Deconstructing the Sketchbook

Creative people make it a habit to notice things. The best way to process what we notice around us is to write about it, sketch it, doodle it, or make a collage with it. The hope is that by recording the way things are, we might also discover some new connections between things, that is to say…stumble upon a sense of wonder or even a new idea.

Keeping your observations in a sketchbook is different than taking a photograph or a video. The act of sketching or writing slows you down and taps into your intuition; whatever you are drawing enters a mutual relationship with you. While drawing your heartbeat slows down.

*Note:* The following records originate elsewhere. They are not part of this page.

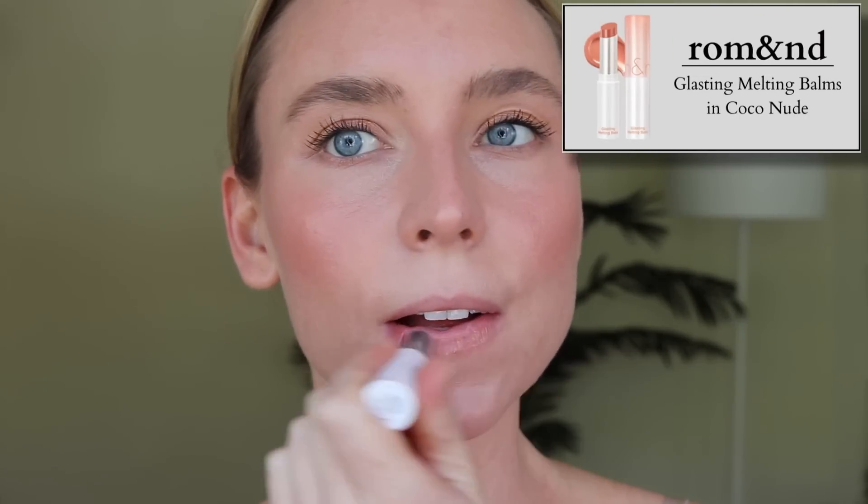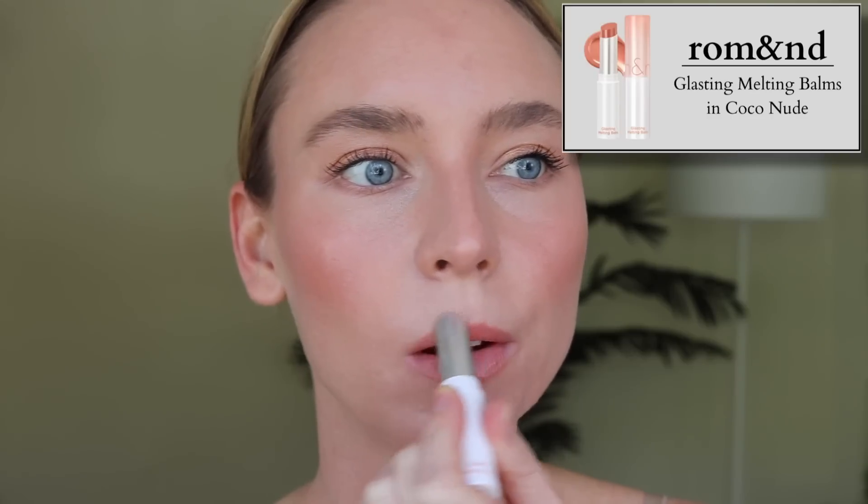The last products I purchased are two other shades of the Romand Glasting Melting Bombs — I have a previous review of Kaya Fig, Mauve Whip, and Nougat Sand linked on screen. Now I'm showing Sorbet Balm and Coco Nude. Coco Nude is so much more sheer than the others in the Glasting Melting Bomb range, which is really nice — because it's so sheer I can layer it up without getting too much pigment. I really like that there's a more sheer shade in the range. These are another melty lipstick-lip balm formula so they do get messy, but unlike most others that you twist up, you can twist these back down, which is awesome.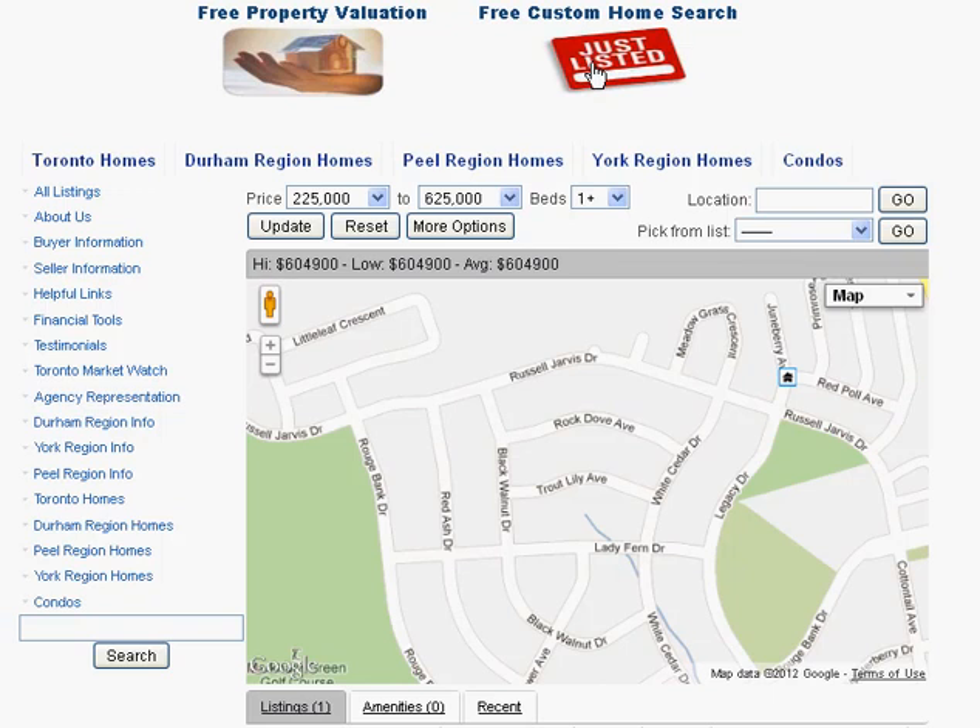If you are interested in knowing how much your home is worth, click on Free Property Valuation and you will be provided with a detailed valuation.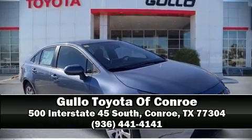Our sales reps are extremely helpful and knowledgeable. Call now to schedule a test drive.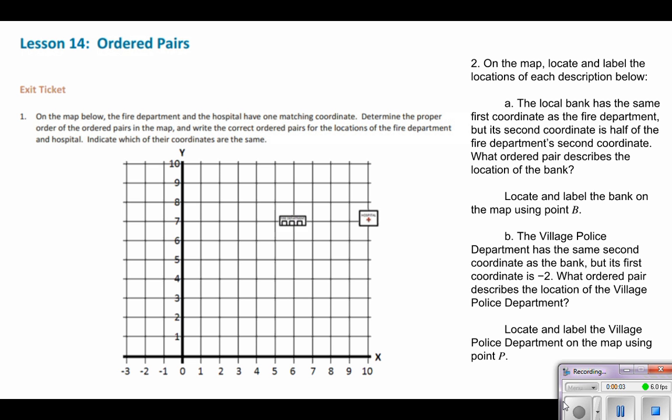Hi everybody. Today's math lesson was on ordered pairs. We learned that the order of numbers in an ordered pair is important because the ordered pair should describe one location on the coordinate plane. The first number is called the first coordinate — it describes the location using the horizontal direction. The second number is called the second coordinate,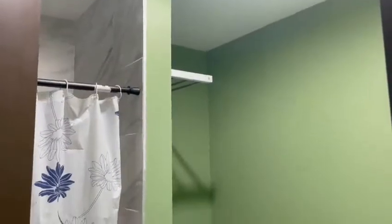Up next, bathroom G — got a shower, yeah, G's got a shower. F does not have a shower, you can see it does not have a shower. Right here, E — sorry, E does have a shower.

Of course the keeping of a sketchbook in and of itself is an enormous and sometimes spiritual undertaking. It requires a suspension of judgment and a confident embrace off the unknown.

I am not so good at this. I have at least 8 sketchbooks going at one time and at the beginning of each, I have vowed to fill it up chronologically, from left to right with careful drawings, notes and an endearing record of my creative contributions. As it turns out, my sketchbooks inevitably end up crumpled and half full, with entries added upside down, out of order, and torn out.

So am I alone? I can draw ok and I have oodles of ideas…….so why can’t I keep a sketchbook like Leonardo did?

Tired of this irksome self-doubt, one day I came to my studio and I decided to disassemble all 8 of my sketchbooks. Paper was flying. Piles were made.  I tore out all the pages with the slightest mark and left only gaunt little black covers full of blank paper.

I felt suddenly free and mildly impressed with the volume of work that appeared once extracted from those bindings.

Here is a sampling of the sketches and collages that I found amongst those books and some of the categories that emerged.

Travel Sketches

Travel Sketches

Concept Sketches

Concept Sketches

People Sketches

People Sketches

Sketches to Communicate

Sketches to Communicate

In addition to sketches and collages, there are pages and pages of writing. I proceeded to organize the work chronologically which was easily accomplished and then by color, and then by mood, and then by levels of usefulness, I could go on forever…my brain and my sketchbooks were organized after all!

What if the linear organization of a traditional bound book simply won’t do for us creatives? From that day on, I periodically take out the work from my sketchbooks and place it into a box with the rest of it. It’s a fluid and easy filing system and it means I don’t have to think any more about the object called a sketchbook when what I want to be thinking about is that next idea.